● WHAT YOU SHOULD DO
Print each entry word for word without images.

● INFORMATION SHOWN
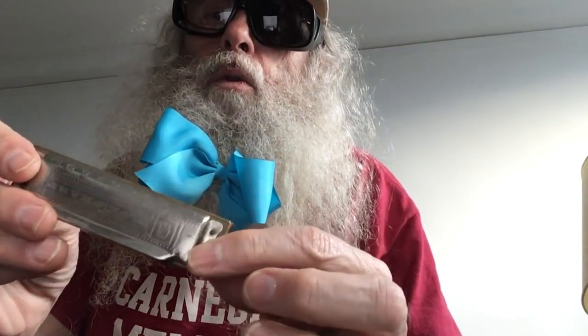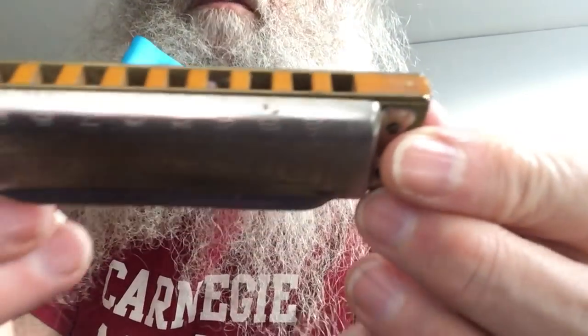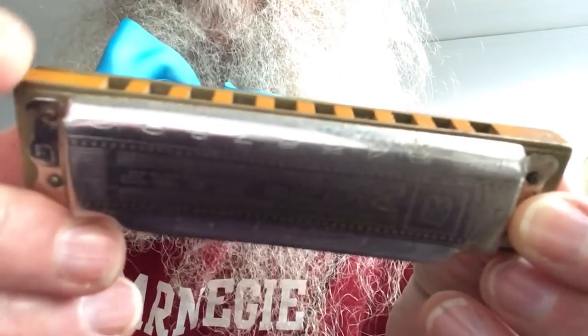I don't know how to play the harmonica. I don't. It has 10 holes on it. 10. See? 1, 2, 3, 4, 5, 6, 7, 8, 9, 10. It says it right there. 10. Okay?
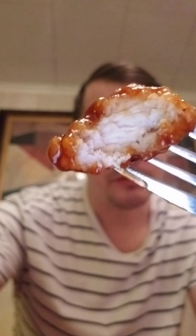They didn't give me a fork, that's the reason why I gotta use a metal fork. I love their barbecue sauce.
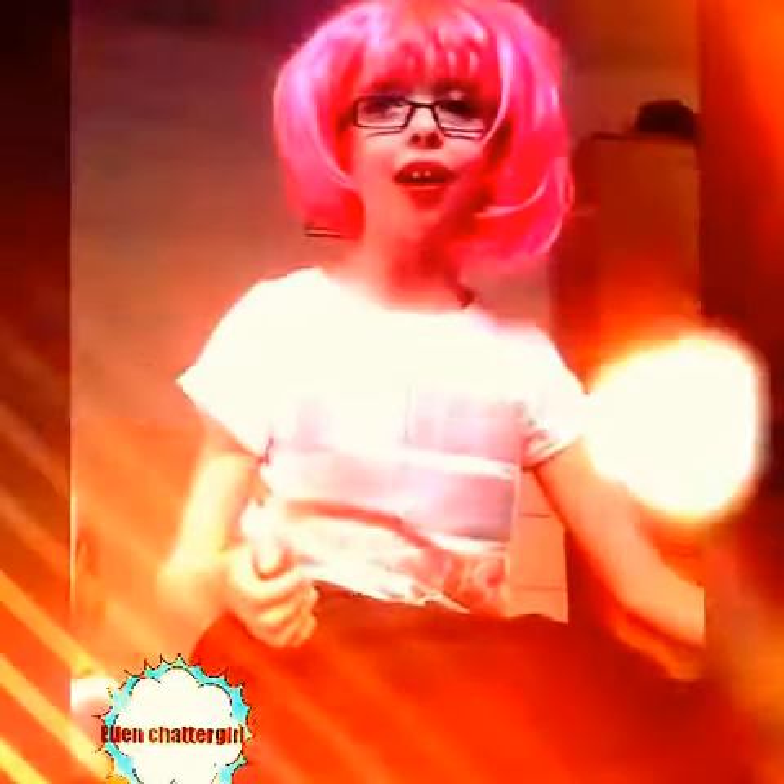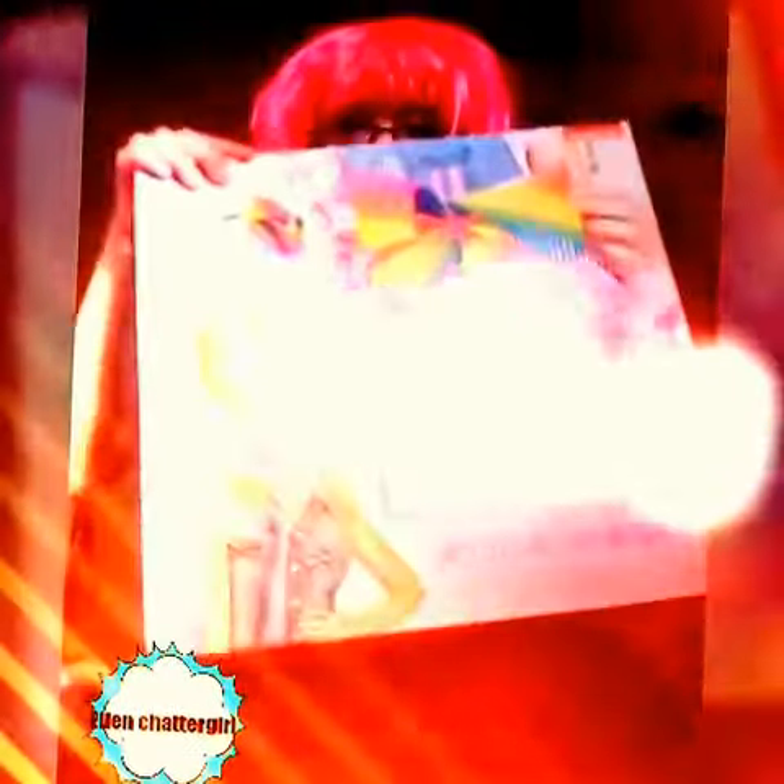Hi guys, welcome back to my channel! Today I came across this JoJo bow maker for seven pounds 99, which is $11.26 in the US.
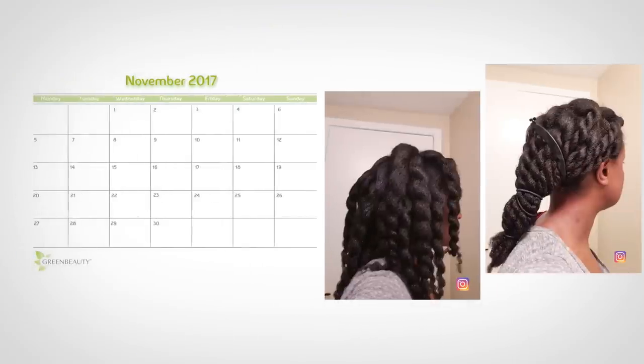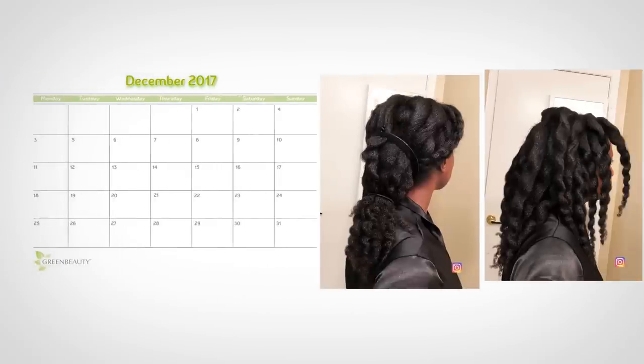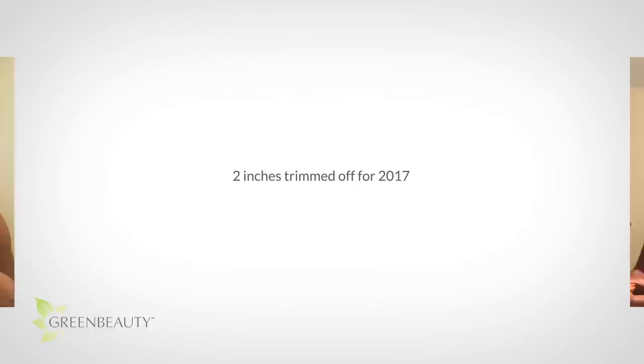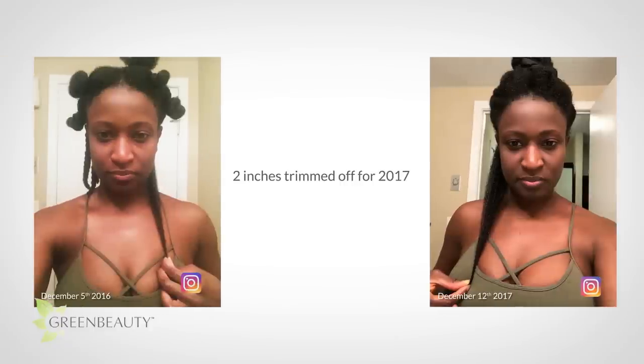In November, I used the treatment once and took photos. I did the treatment twice in December, and here's what my hair looks like now. I usually trim off about half an inch three times a year, which comes out to one and a half inches a year. But for 2017, I trimmed off half an inch on February 21st and an inch and a half on June 11th — two inches in total. But overall, even with the trims, I was able to retain about four inches of length last year.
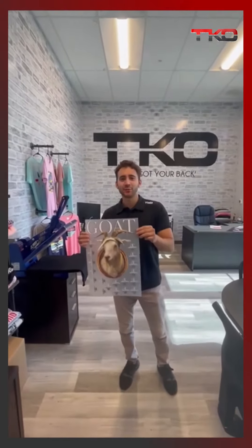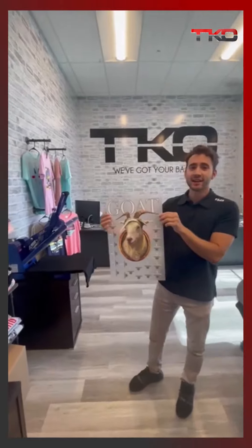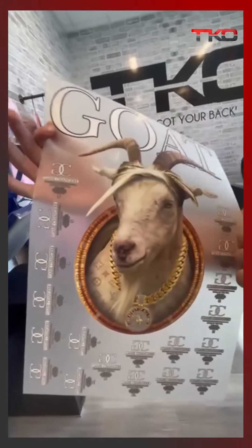What's up TKO family, we got a new product here today — Extreme Color Stretch. I'm going to show you how to press it and then I'm going to stretch it. If you look around you'll see some tagless labels here for you as well, just got to cut them out and put them on the back of the shirt.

● EXERCISE RESULT
I don't know how to play the harmonica. I don't. It has 10 holes on it. 10. See? 1, 2, 3, 4, 5, 6, 7, 8, 9, 10. It says it right there. 10. Okay?
They didn't give me a fork, that's the reason why I gotta use a metal fork. I love their barbecue sauce.
Hi guys, welcome back to my channel! Today I came across this JoJo bow maker for seven pounds 99, which is $11.26 in the US.
In November, I used the treatment once and took photos. I did the treatment twice in December, and here's what my hair looks like now. I usually trim off about half an inch three times a year, which comes out to one and a half inches a year. But for 2017, I trimmed off half an inch on February 21st and an inch and a half on June 11th — two inches in total. But overall, even with the trims, I was able to retain about four inches of length last year.
What's up TKO family, we got a new product here today — Extreme Color Stretch. I'm going to show you how to press it and then I'm going to stretch it. If you look around you'll see some tagless labels here for you as well, just got to cut them out and put them on the back of the shirt.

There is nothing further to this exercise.